■3人から一挙に5人へ
30年近く続いた「2人交代制」に変化が訪れたのは1994年のことだった。アメリカで開催されるワールドカップに先立ち、IFABは2人の交代に加え、3人目としてGKの交代も認めることにした。GKが負傷することを懸念して、多くのチームが「2枚目」のカードを切ることをためらっていたからだ。このルールは、翌年にポジションにかかわらず3人の交代を認めるものに変更された。これによって、監督たちの采配は大胆になった。交代選手の成否は、現代のサッカーにとって勝敗の重大な分岐点だ。

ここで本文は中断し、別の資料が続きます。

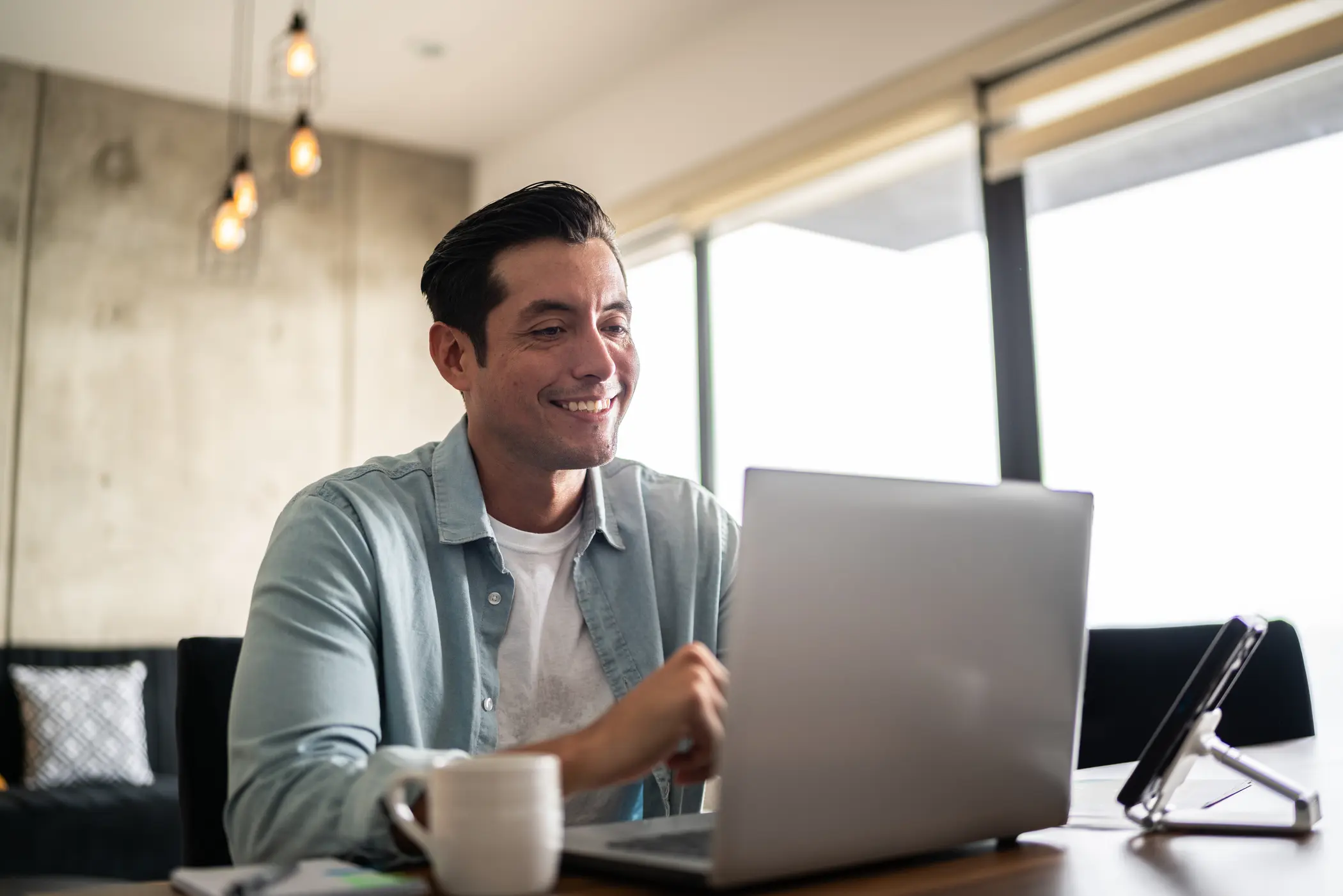 man smiling while talking to someone on a virtual call
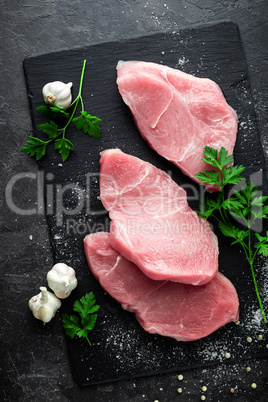 Raw meat, turkey steaks on black background, top view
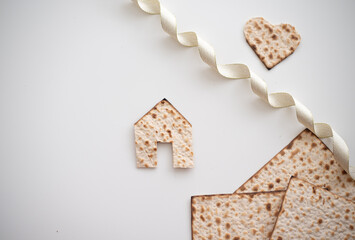 Wall Mural - Layout of Matzah shape of small house, hearts and tape on white background. Traditional of Jewish Holiday on Passover. Home symbol of happy family. Purchase or rent. top view. Real Estate Agency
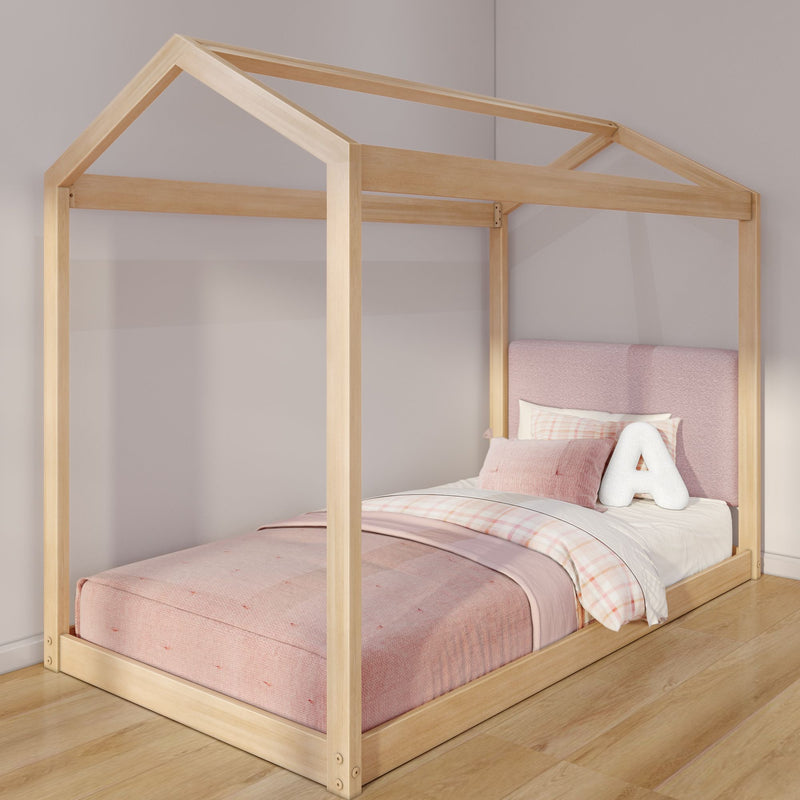 Wooden house-frame kids/toddler bed with pink mattress, plaid duvet, upholstered headboard and plush letter A pillow in a modern girls' bedroom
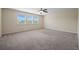 Spacious carpeted bedroom with a ceiling fan and three windows overlooking a serene outdoor view at 438 Flat Rock Ln, Summerville, SC 29486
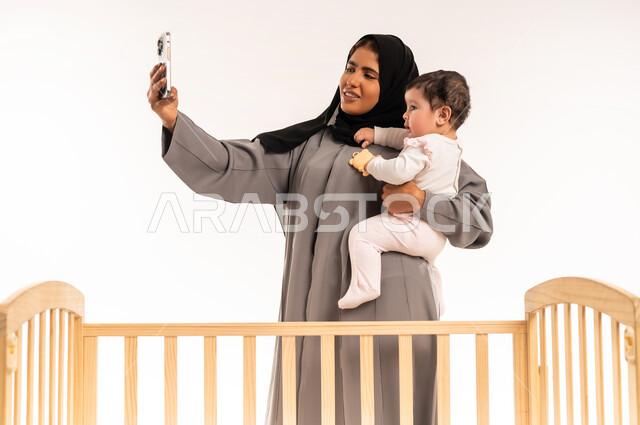 Using a modern and advanced technical device, documenting happy moments with children, the concept of motherhood and child care, a portrait of a veiled Saudi Arabian Gulf woman wearing a gray abaya, holding her baby and taking a selfie with her mobile phone, white background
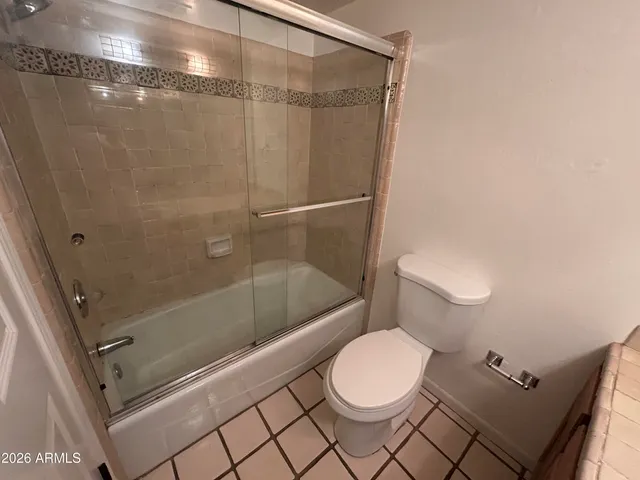 a white toilet sitting next to a bath tub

1958年から30年近くかけて「2人」から「3人」に増えた交代枠。それがその20年後には、もうひとり許可された。ただしこの「4人目」は「延長戦にはいった場合」である。2016年にIFABがこの新ルールの実験を行うことを承認、さっそくフランスで開催された欧州選手権でこのルールが採用された。
ワールドカップでも、2018年ロシア大会で「延長4人目」が採用された。そして「4人目」の第1号は、やはり(旧ソ連の)ロシアだった。スペインとのラウンド16の延長前半7分、ロシアのスタニスラフ・チェフチェソフ監督は、4人目の交代としてMFダレル・クジャエフに代えてアレクサンドル・エロヒンを送り出した。
そしてことし、「コロナ禍」という特殊状況のなかで、5人交代の暫定ルールができた。「延長で4人目」という通常のリーグ戦などでは起こらない状況を除けば、「3人制」から「5人制」へと、一挙に増えたことになる。